[Opening Task data section]

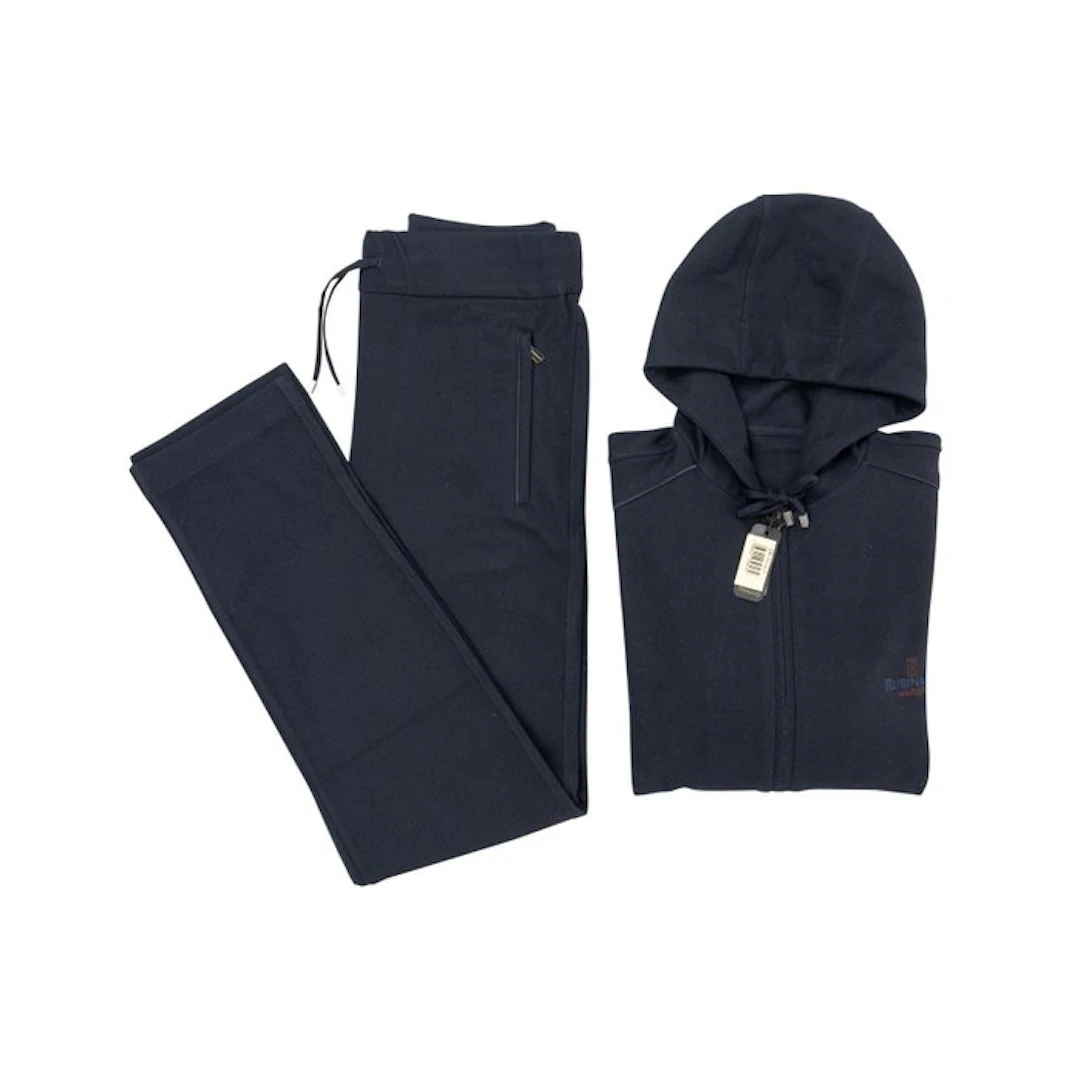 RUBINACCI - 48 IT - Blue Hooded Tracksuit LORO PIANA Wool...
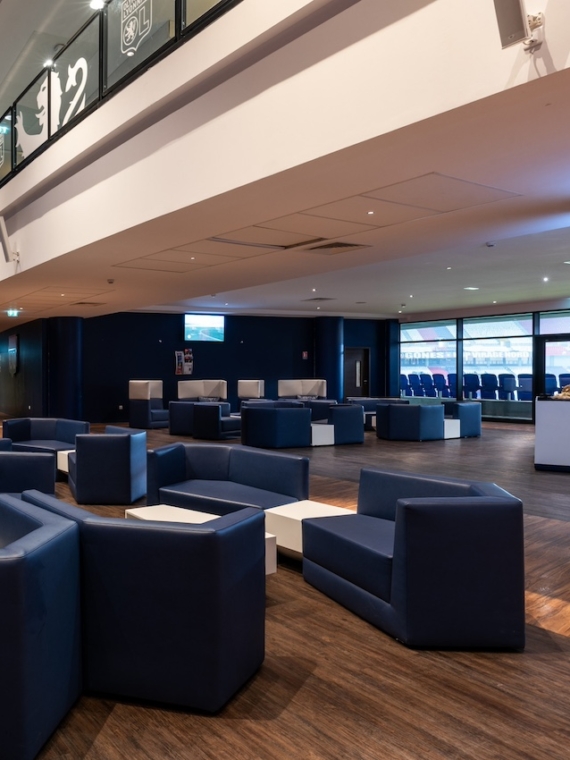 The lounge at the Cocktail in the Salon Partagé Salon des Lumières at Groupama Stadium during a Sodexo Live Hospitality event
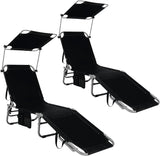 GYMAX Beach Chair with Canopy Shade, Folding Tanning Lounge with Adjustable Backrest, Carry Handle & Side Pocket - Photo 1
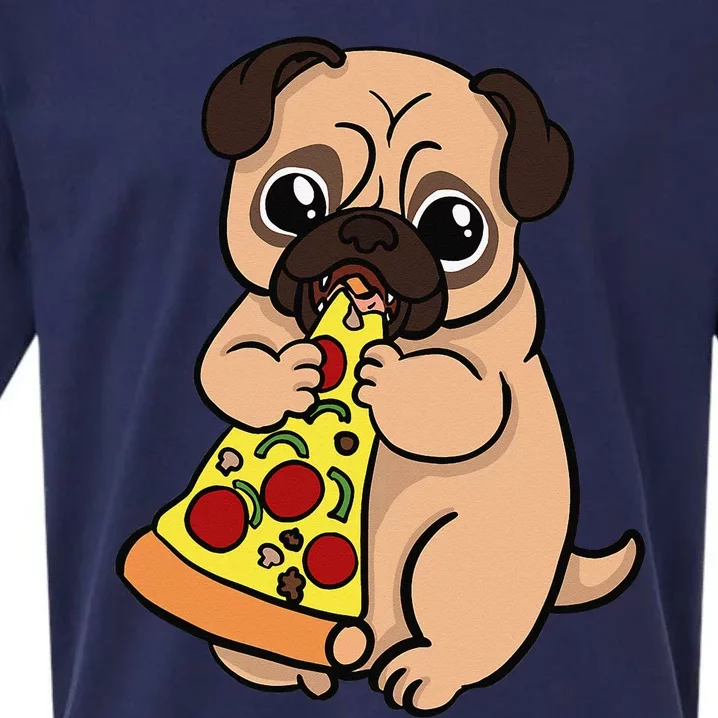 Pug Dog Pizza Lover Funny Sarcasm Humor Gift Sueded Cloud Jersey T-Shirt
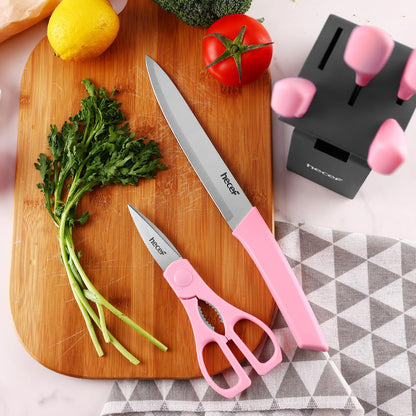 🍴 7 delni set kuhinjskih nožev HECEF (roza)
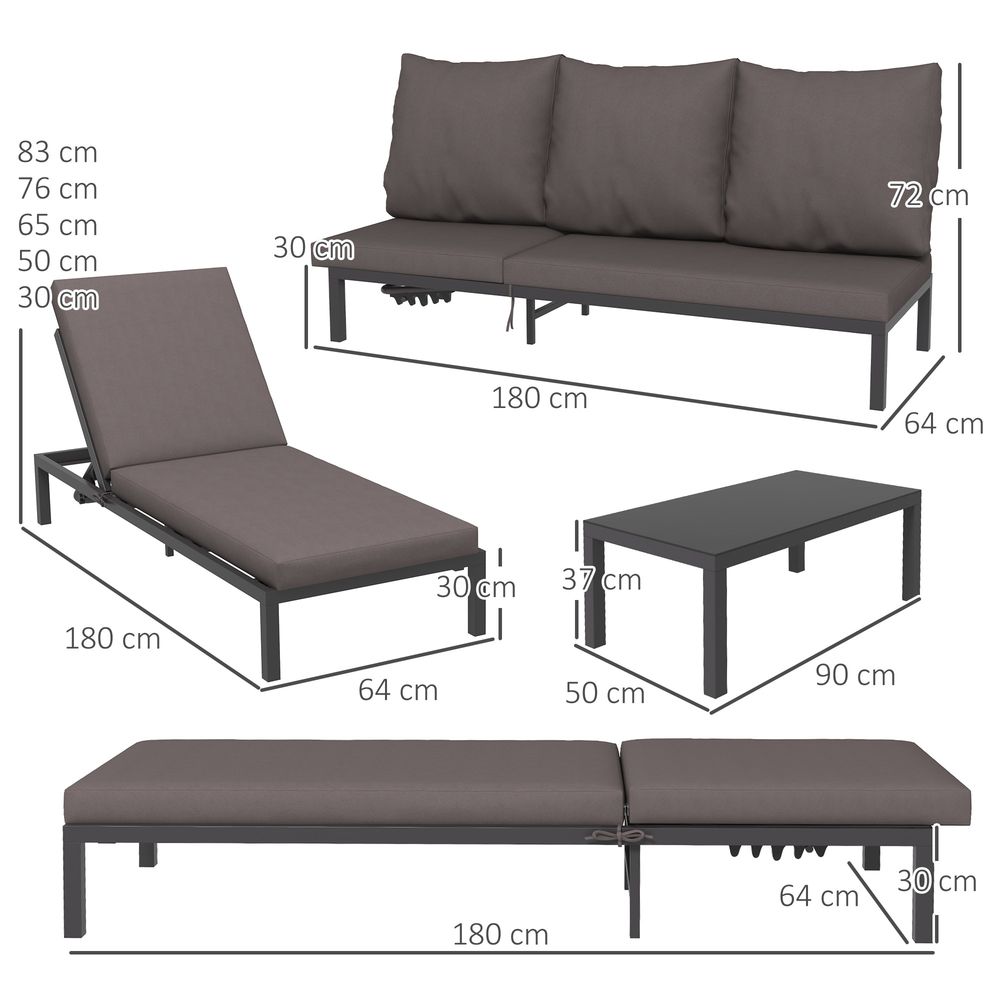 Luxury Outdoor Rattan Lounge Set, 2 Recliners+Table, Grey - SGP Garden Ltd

[Closing Task data section]

Return every record exactly, minus the pictures.

 RUBINACCI - 48 IT - Blue Hooded Tracksuit LORO PIANA Wool...
 The lounge at the Cocktail in the Salon Partagé Salon des Lumières at Groupama Stadium during a Sodexo Live Hospitality event
 GYMAX Beach Chair with Canopy Shade, Folding Tanning Lounge with Adjustable Backrest, Carry Handle & Side Pocket - Photo 1
 Pug Dog Pizza Lover Funny Sarcasm Humor Gift Sueded Cloud Jersey T-Shirt
 🍴 7 delni set kuhinjskih nožev HECEF (roza)
 Luxury Outdoor Rattan Lounge Set, 2 Recliners+Table, Grey - SGP Garden Ltd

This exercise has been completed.